Network monitoring software

PA Server Monitor is a server and network monitoring software from Power Admin LLC. PA Server Monitor focuses primarily on server and network health through numerous resource checks, reports, and alerting options. The agentless, on-premises software can monitor thousands of devices from a single installation. The monitored devices can be desktop computers, servers, routers and other devices.

The main function of the software is to monitor performance of servers and network devices in Windows and Linux environments.
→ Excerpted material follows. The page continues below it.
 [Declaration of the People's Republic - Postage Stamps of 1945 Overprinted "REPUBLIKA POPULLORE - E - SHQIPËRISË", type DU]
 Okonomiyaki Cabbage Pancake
Data is kept on customers servers, not stored in the cloud.
An agentless monitoring software to watch ping, CPU, memory, disk, SNMP + traps, events, with available historical reports. Apps are available for iOS and Android.

== History ==
Power Admin LLC is a privately held company founded by IT professionals, located in Shawnee, Kansas, outside of downtown Kansas City, Missouri area. Power Admin has been providing professional grade system monitoring products since 1992 for all types of business from SMBs to Fortune 500 companies.
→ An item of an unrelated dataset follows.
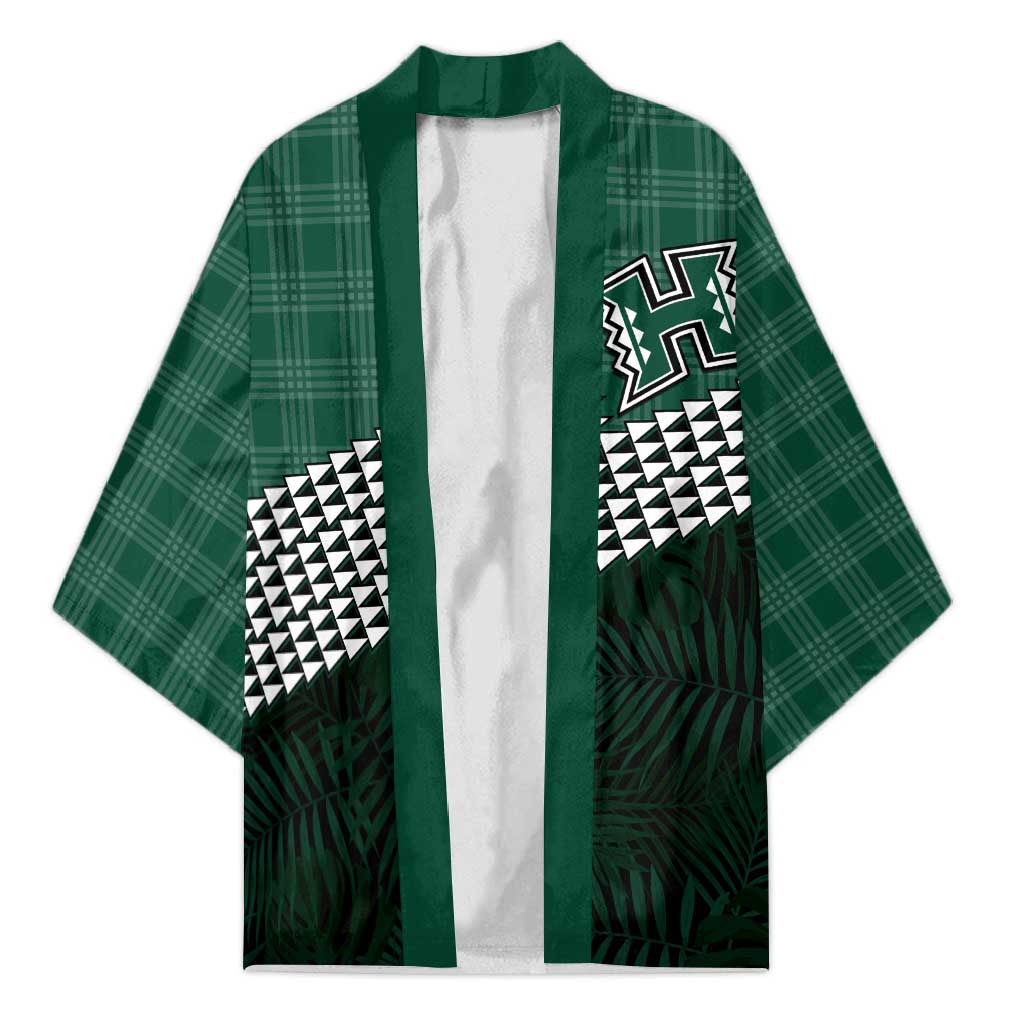 Rainbow Warriors Hawaii Personalized Palaka Kimono - Polynesian Pride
Power Admin also developed two other popular utilities that are used all over the world.

PAExec allows a user to launch Windows programs on remote Windows computers without needing to install software on the remote computer first. This was written as an alternative to Microsoft's PsExec tool (originally by SysInternals's Mark Russinovich), because it could not be redistributed, and sensitive command-line options like username and passwords were sent as clear text. Source code is readily available on GitHub.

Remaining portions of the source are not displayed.